The headline feed-in tariff figure for installations sub 4kW is set to drop from 14.90p/kWh to 14.38p/kWh – this amounts to a drop of 0.52p/kWh.
Customers take advantage
Customers are racing to take advantage of the opportunity to save on their utility bills, get paid to generate clean electricity and enjoy tax-free returns that are index-linked and guaranteed every year for the next two decades. In order to lock in to the current feed-in-tariff, homeowners and businesses have to complete installations before 1 April.
The reduction feed-in-tariff is due to the high levels of installations across the UK with solar PV continuing to be the most popular household source of renewable energy. The government is reducing its support of solar (and onshore wind energy) because these renewable energy sources have received a significant amount of state support and investment and no longer require the state’s assistance. The government intends to shift its support to off-shore wind as it still lacks sufficient subsidies required to encourage long-term investment.
Other drivers of solar PV
Despite a shift in government’s support of solar, PV still offers the consumer good value for money. The technology has become much cheaper -mostly due to oversupply during the recession which has resulted in cheaper installations.We discuss this in our article Cheaper Solar Installations – Watershed Moment for Distributed Generation and Renewables.
Solar offers the consumer cheaper power . By 2030, the cost of solar should be comparable to that of even the dirtiest forms of coal, and of gas, according to the Imperial College London. In addition to this, solar is also becoming a form of income as consumers become prosumers.

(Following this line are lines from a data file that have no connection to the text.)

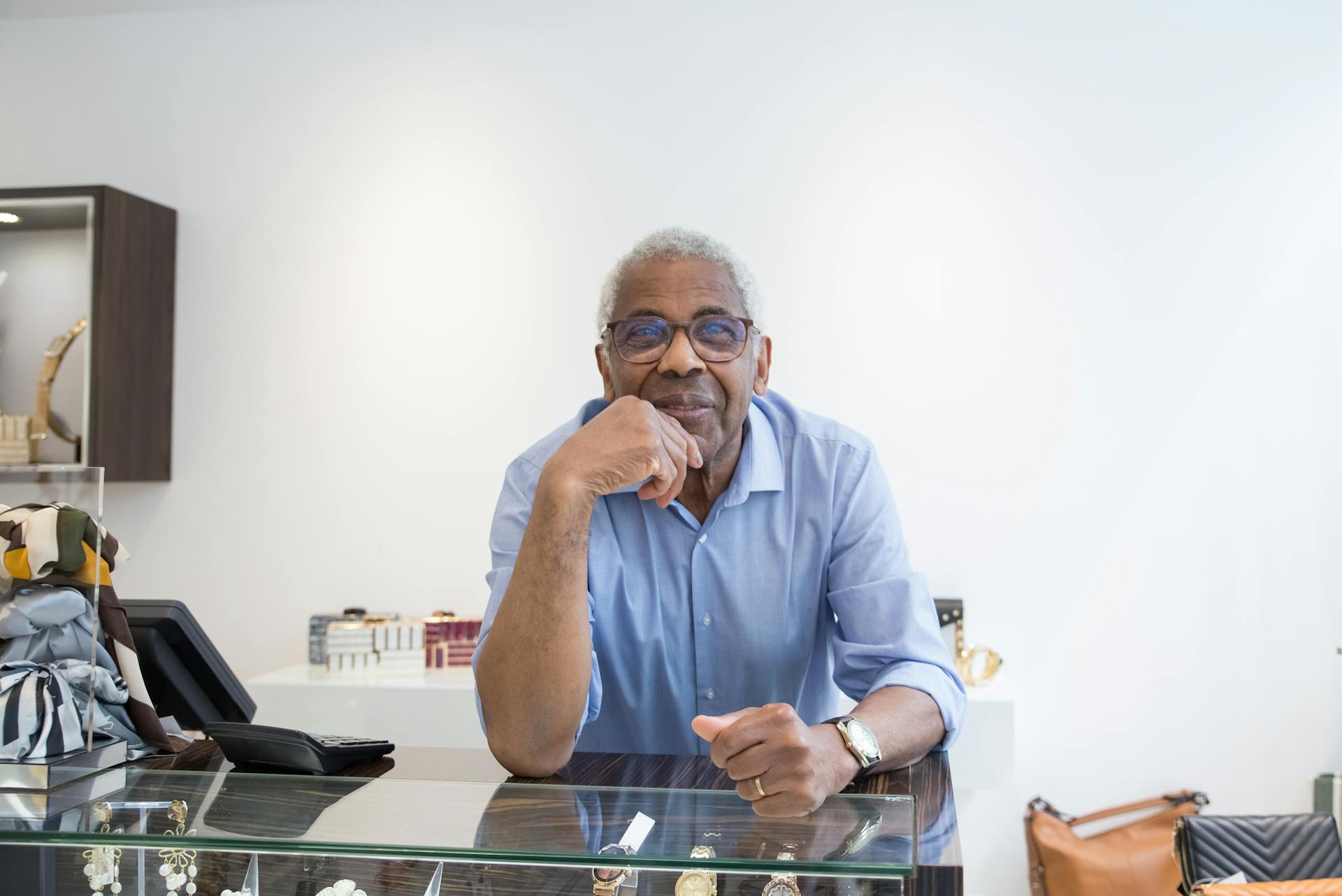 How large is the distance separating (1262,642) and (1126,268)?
1272 mm

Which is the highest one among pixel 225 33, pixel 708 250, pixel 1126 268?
pixel 225 33

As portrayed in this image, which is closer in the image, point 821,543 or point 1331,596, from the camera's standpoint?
point 821,543

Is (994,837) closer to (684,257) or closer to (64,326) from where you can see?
(684,257)

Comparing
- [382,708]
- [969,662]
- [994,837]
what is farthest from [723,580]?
[994,837]

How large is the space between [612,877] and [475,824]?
12 cm

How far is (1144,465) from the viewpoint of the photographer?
11.1 ft

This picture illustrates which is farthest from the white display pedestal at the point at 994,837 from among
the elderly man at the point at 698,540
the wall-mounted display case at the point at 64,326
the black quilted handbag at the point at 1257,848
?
the wall-mounted display case at the point at 64,326

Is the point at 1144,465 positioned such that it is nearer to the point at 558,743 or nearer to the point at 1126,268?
the point at 1126,268

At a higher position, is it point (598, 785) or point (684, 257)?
point (684, 257)

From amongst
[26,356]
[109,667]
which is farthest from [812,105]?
[109,667]

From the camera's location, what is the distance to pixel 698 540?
1.74 m

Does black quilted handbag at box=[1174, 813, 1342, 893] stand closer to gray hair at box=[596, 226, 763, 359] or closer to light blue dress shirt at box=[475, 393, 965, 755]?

Another major driver towards solar PV is the highly publicized electricity price hikes announced by the Big Six utilities in the UK. All of the Big Six energy providers announced price hikes of around seven percent at the end of last year; with four of the six main suppliers cutting back their gas and electricity prices in the past few weeks, in line with the Government’s deal to cut green levies. However, these large suppliers are still more expensive than the smaller suppliers.
Therefore, without state support, solar seems to be established enough to develop without subsidies.

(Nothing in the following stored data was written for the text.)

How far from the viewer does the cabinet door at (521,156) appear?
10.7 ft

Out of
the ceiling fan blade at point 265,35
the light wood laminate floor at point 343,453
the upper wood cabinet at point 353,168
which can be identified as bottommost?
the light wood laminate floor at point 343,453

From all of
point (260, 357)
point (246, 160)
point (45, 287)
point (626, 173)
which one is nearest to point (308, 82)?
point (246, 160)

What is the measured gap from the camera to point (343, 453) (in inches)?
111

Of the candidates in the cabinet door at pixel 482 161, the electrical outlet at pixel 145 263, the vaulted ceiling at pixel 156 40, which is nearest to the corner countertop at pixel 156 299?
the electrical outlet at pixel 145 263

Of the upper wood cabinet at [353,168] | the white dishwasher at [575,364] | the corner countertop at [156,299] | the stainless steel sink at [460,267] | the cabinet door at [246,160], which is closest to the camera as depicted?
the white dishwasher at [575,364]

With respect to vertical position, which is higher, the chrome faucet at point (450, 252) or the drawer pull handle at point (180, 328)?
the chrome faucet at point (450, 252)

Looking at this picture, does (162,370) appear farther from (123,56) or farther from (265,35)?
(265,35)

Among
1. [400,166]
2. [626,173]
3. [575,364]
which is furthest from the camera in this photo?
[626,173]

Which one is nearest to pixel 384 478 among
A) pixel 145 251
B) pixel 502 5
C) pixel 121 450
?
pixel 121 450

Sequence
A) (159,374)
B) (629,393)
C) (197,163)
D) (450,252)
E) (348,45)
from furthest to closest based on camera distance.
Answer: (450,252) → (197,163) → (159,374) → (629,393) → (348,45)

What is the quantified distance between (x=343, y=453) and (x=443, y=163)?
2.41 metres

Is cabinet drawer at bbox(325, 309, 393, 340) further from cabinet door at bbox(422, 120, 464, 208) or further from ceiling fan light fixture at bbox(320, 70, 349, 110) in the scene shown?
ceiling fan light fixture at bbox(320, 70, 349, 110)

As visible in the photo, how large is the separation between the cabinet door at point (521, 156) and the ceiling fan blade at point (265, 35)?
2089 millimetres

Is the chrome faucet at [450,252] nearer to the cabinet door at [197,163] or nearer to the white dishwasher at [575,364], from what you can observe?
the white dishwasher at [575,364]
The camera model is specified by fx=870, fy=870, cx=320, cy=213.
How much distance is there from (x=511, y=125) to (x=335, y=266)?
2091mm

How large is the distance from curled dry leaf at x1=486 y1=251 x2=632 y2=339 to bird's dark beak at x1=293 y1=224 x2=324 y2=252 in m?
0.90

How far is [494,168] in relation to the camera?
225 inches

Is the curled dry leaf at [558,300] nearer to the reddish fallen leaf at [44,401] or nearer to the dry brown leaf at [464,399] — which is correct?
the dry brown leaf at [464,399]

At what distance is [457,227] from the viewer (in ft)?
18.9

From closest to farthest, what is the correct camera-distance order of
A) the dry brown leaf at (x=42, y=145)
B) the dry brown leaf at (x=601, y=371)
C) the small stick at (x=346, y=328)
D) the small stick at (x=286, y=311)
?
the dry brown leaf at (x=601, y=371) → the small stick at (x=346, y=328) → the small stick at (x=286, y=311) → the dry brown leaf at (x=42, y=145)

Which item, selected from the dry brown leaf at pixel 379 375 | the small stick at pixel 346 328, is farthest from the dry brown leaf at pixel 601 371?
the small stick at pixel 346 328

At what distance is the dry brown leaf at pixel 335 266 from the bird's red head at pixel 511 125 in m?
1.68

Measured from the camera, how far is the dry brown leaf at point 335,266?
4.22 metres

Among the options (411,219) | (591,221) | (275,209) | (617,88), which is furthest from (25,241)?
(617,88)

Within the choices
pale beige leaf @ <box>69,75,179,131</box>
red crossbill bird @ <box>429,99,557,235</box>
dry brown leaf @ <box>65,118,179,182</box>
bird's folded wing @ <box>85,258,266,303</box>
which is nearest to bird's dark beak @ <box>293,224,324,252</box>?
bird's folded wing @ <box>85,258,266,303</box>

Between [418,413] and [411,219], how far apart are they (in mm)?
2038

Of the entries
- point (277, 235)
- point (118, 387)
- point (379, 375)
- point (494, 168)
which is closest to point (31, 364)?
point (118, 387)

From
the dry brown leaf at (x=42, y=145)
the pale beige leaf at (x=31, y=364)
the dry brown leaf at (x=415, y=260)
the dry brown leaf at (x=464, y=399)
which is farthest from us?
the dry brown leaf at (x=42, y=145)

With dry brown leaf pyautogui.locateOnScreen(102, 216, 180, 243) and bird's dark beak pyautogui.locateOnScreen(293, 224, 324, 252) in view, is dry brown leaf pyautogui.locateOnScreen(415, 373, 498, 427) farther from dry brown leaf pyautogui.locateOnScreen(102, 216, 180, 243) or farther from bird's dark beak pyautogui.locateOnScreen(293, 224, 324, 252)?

According to Nick Green, an associate director at Savills Energy, who advises landowners and developers involved with wind farms and other renewable energy infrastructure, the degression rates have been broadly in line with expectations and in some cases less severe than anticipated. He added that renewable projects remain a viable opportunity for landowners and developers looking to invest: “With a stable rate of degression, payback time will only increase marginally; we’re talking a few years, rather than decades, with room still for good return on investment.”